Sunday 29 April 2012

29th April

1971: One of the earliest regular shows to be retained in full, and one of the most interesting too in all sorts of ways. For one thing, The Faces got to do two songs, the first three minutes of slide guitar and Ronnie Lane comments of approval, the second showcasing Ronnie Wood's novelty guitar and Rod's pink jacket. It's a wonder McGuinness Flint and their banjo/accordion led rock'n'roll hoedown and Open University beard didn't quit on the spot. Elsewhere Lulu gets backing from Pan's People and a few hundred backing singers, two of whom spend part of the song dancing together (plus her then husband Maurice Gibb is one of the shadowy guitarists); The Mixtures vow to have a quiet but urgent word with their manager; and at number one in the chart countdown, the intro to the big hit by Dave & Ansil Collins get the director's camera change console pressing fingers working in a precedent to Daley Thompson's Decathlon levels of button mashing.

1976: Twelve year old Midge Ure in Slik has a certain cherubic quality to it even though he's trying to seem more like a man of class, borrowing Manuel & The Music Of The Mountains and feigning an interest in baseball style like that. The girl at the end has gone above and beyond the call of duty with her headgear, and if you watch behind the band from 2:45 you'll see the moment Tony spots her. What is there to say about Laurie Lingo & the Dipsticks? Nothing. That's what, nothing. Apart from that that's what the Ladybirds looked like.

1982: Yazoo set up as simplicity itself - singer, keyboard player, no flashing lights, no extraneous interruptions. Then Vince Clarke decides the Flock Of Seagulls hair look is the way forward. Someone should tell Alison her beret has slipped. Compare to Monsoon's fussy introduction of Indian influence to the mainstream, Sheila Chandra running the gamut of exotic poses. They've put the sitar player on a carpet raised just above the ground. It's a wonder the show didn't give the audience takeaway boxes to wave.

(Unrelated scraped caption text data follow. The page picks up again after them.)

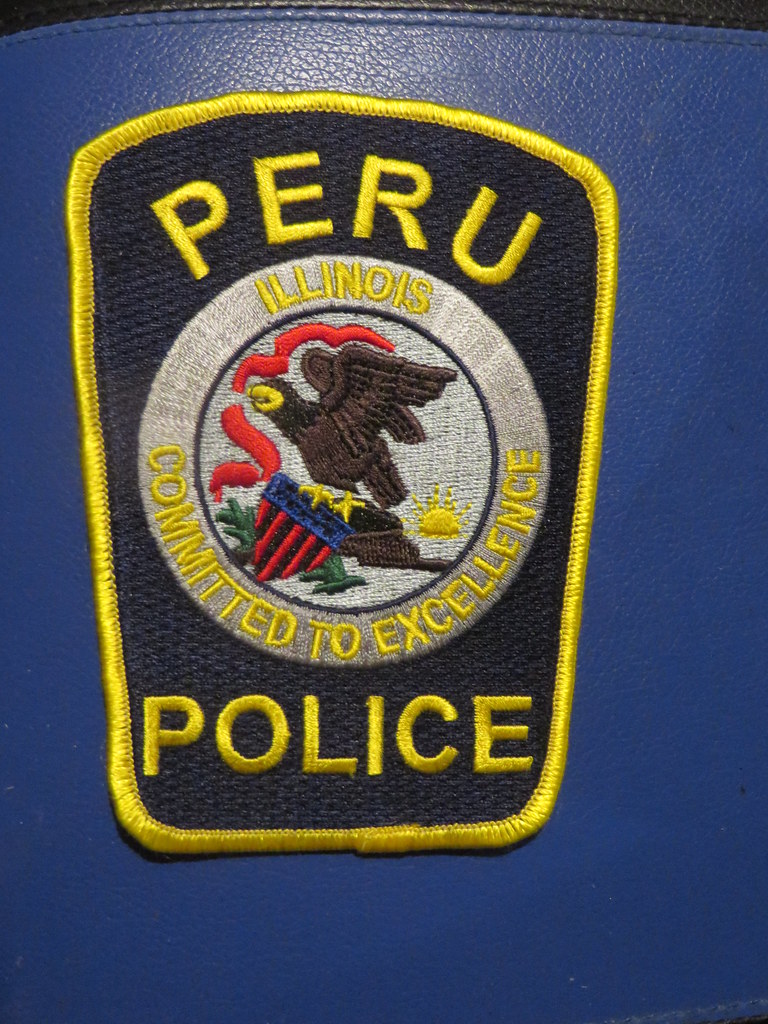 PERU ILLINIOS POLICE DEPARTMENT PATCH 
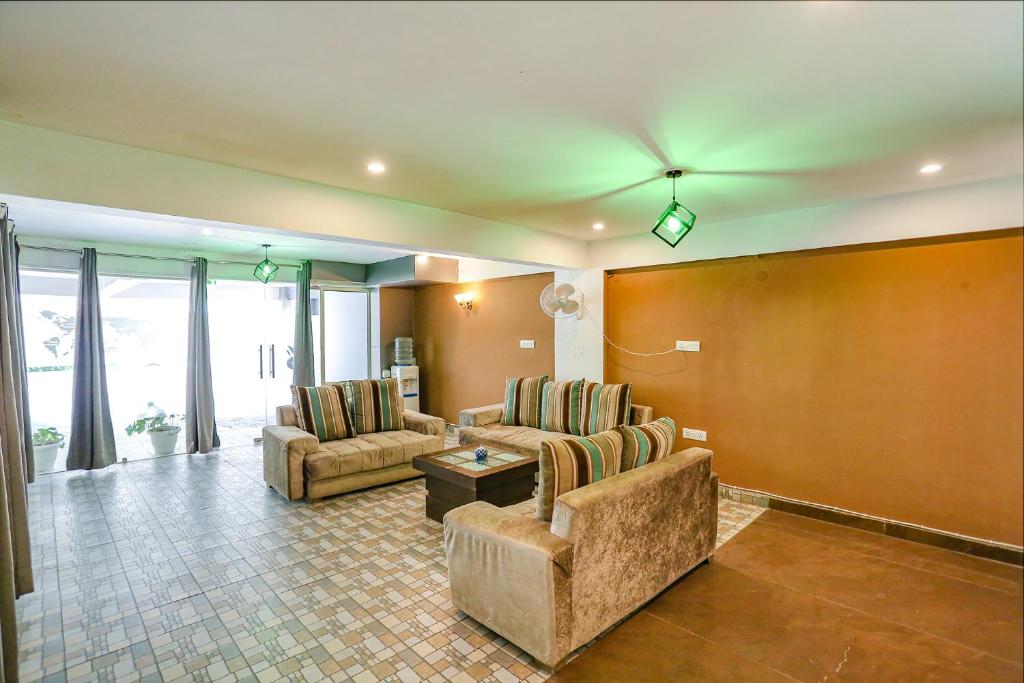 Posezení v ubytování FabHotel Sky Rise Inn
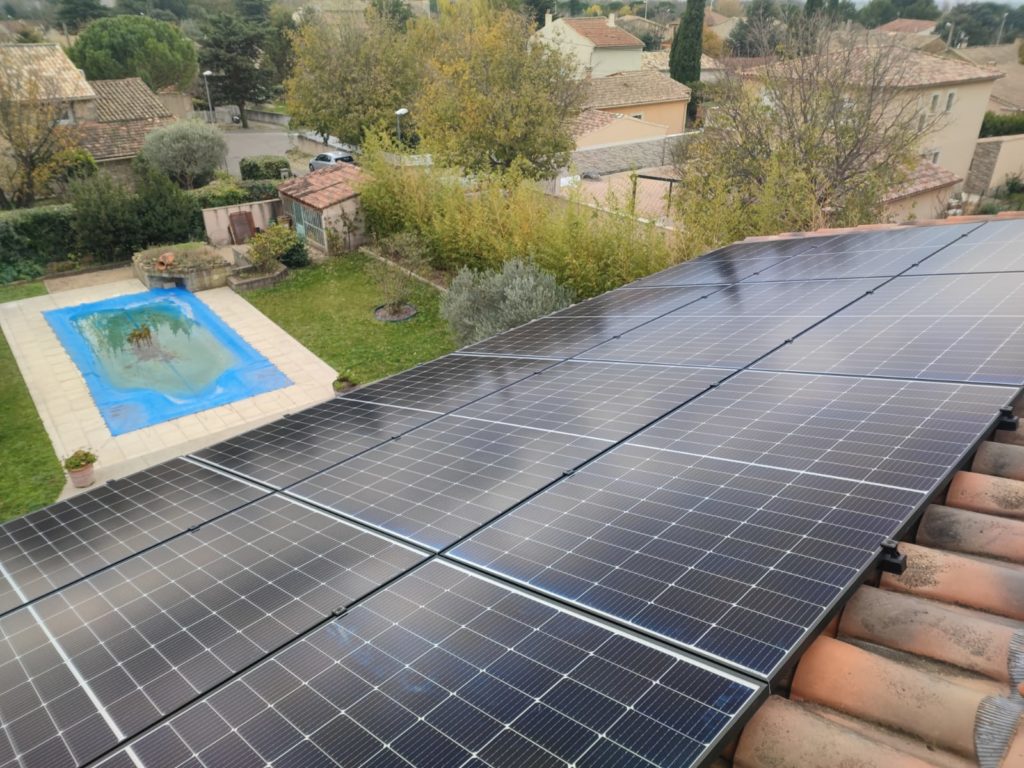 Vue du toit de l'installation photovoltaique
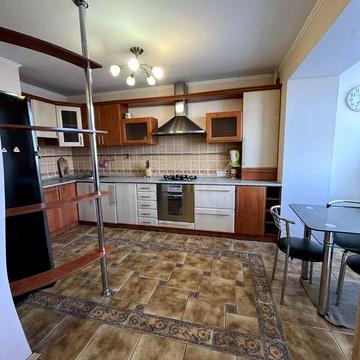 Оренда 3 кк. Грушевського 97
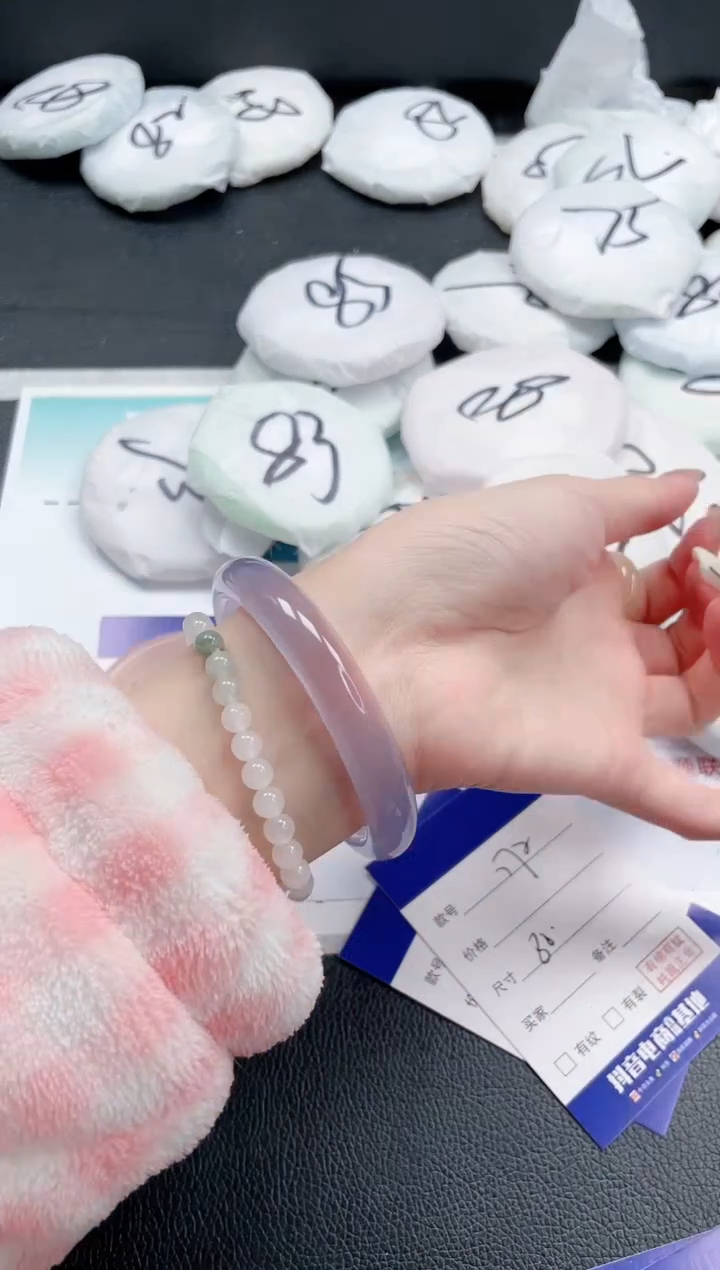 【闪购商品】石英质玉手镯未镶嵌25J172-60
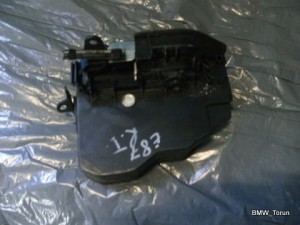 ZAMEK DRZWI TYŁ PRAWY BMW 1 E87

At the other end of the indigenous spectrum another recent Eurovision winner pops by, so "let's hear it for Nicole!" But not for that turquoise jumpsuit.

1993: A show retained in two thirds of its length, and you're not missing much without the third. The first part kicks off with D:Ream, and yes, that is who you think it is, followed by a chart rundown including the Dave Clark Five and SWV in their work overalls. As for part two there's a track called Power Of American Natives which isn't as ill conceived as you may have feared, Inner Circle from the summer of synth-reggae and Robert Plant being a leonine Robert Plant.

Saturday 28 April 2012

28th April

1977: Representing about five different band looks in one, Contempt represented the kind of arch theatrical prog-pop that a seachange was about to see off. If that was just behind the time Rags, and well done on that thematic link to start with, were ahead of the synthpop curve, no wonder given the two girls went on to become Bucks Fizz' writing engine room. Much place swapping and, of course, spinning from The Detroit Spinners, their backing singers notable by their completely different stagecraft tack. Barry Biggs didn't need a stage, not when he had a staircase to struggle up.

1983: Here's a fairly comprehensive look at the 999th show, led by some prime Rhythm Pals featuring "the south-east Asian chart" (not included here) and Peel making his own additions to the top 10 rundown, plus in extended form Kissing The Pink. Two wacky men up front! Overexuberant percussionists and auxiliary members were very much a thing in 1983. From the same show Galaxy demonstrate the various forms of white jacket available before Phil Fearon does a somersault entirely for the hell of it, while the markedly less energetic The Creatures make an entire work out of vibes and Siouxsie's presence. No whooping during this one, understandably.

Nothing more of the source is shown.